Supplied data: Begin
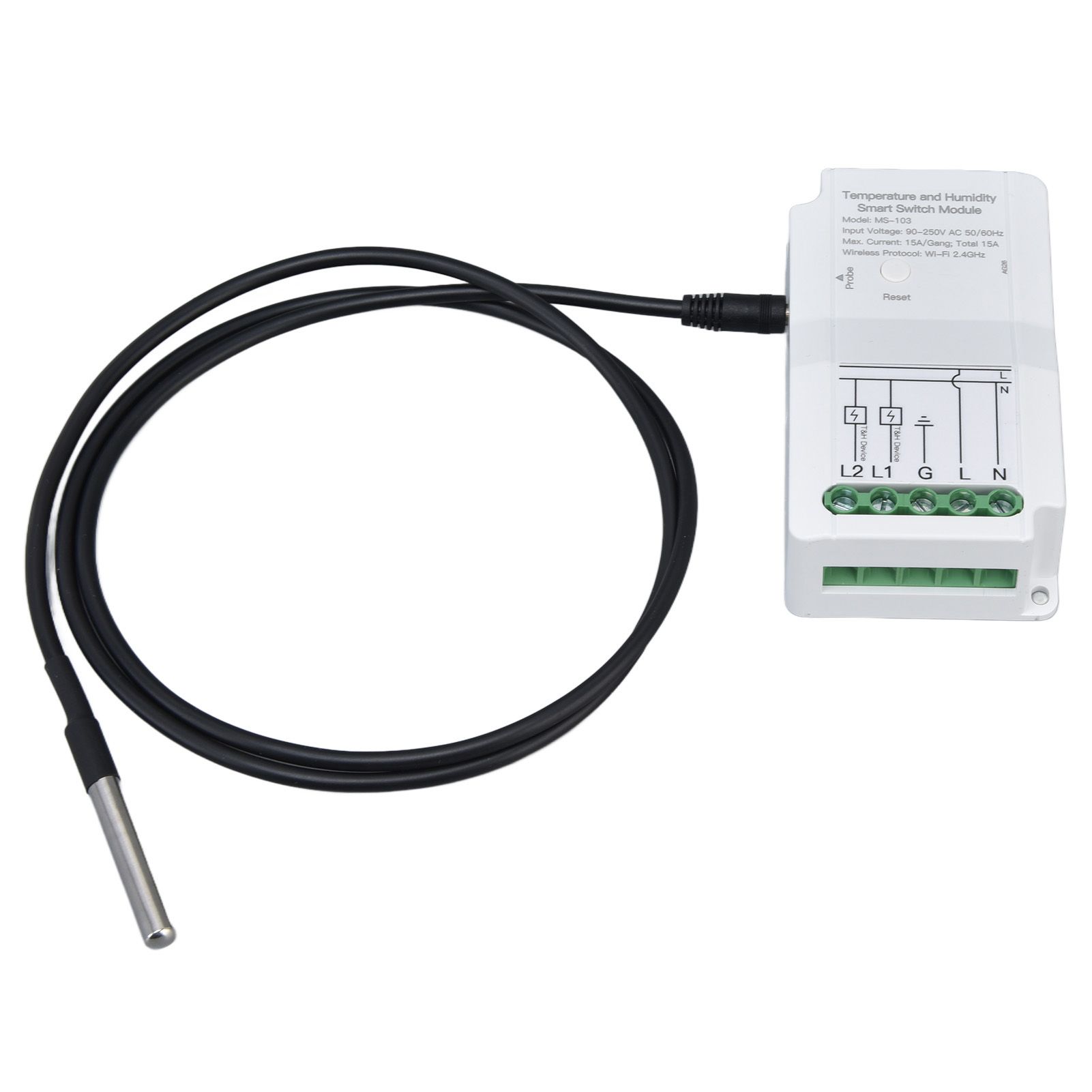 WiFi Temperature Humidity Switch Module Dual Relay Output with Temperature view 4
Supplied data: End
Supplied data: Begin
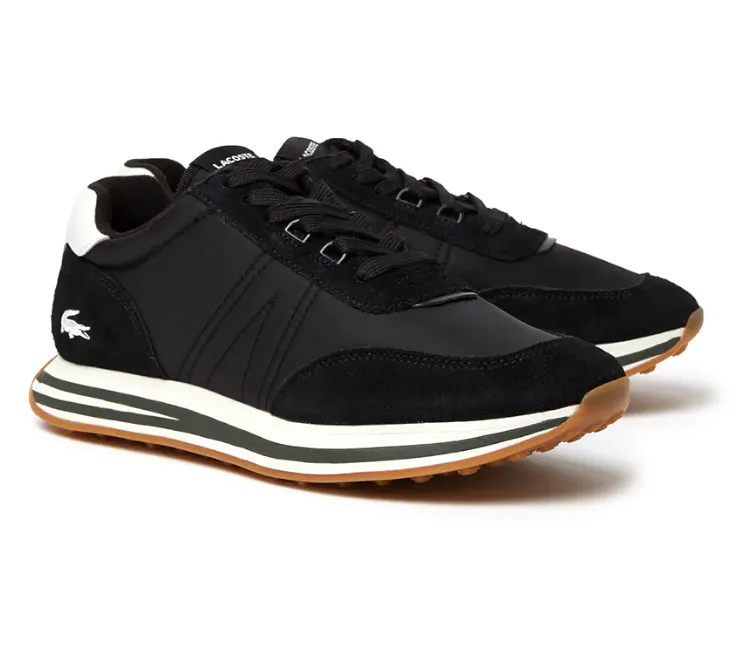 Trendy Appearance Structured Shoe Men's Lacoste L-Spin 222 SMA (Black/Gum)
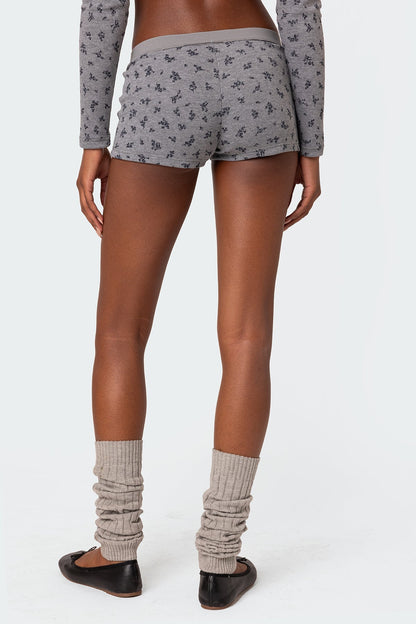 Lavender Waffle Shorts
Supplied data: End
* What you will do *
Exactly the lines above, from the one containing "Trendy Appearance Structured" down to the one containing "Lavender Waffle Shorts", are to be repeated, including both ends. Pictures are not part of the copy.

* Result *
 Trendy Appearance Structured Shoe Men's Lacoste L-Spin 222 SMA (Black/Gum)
 Lavender Waffle Shorts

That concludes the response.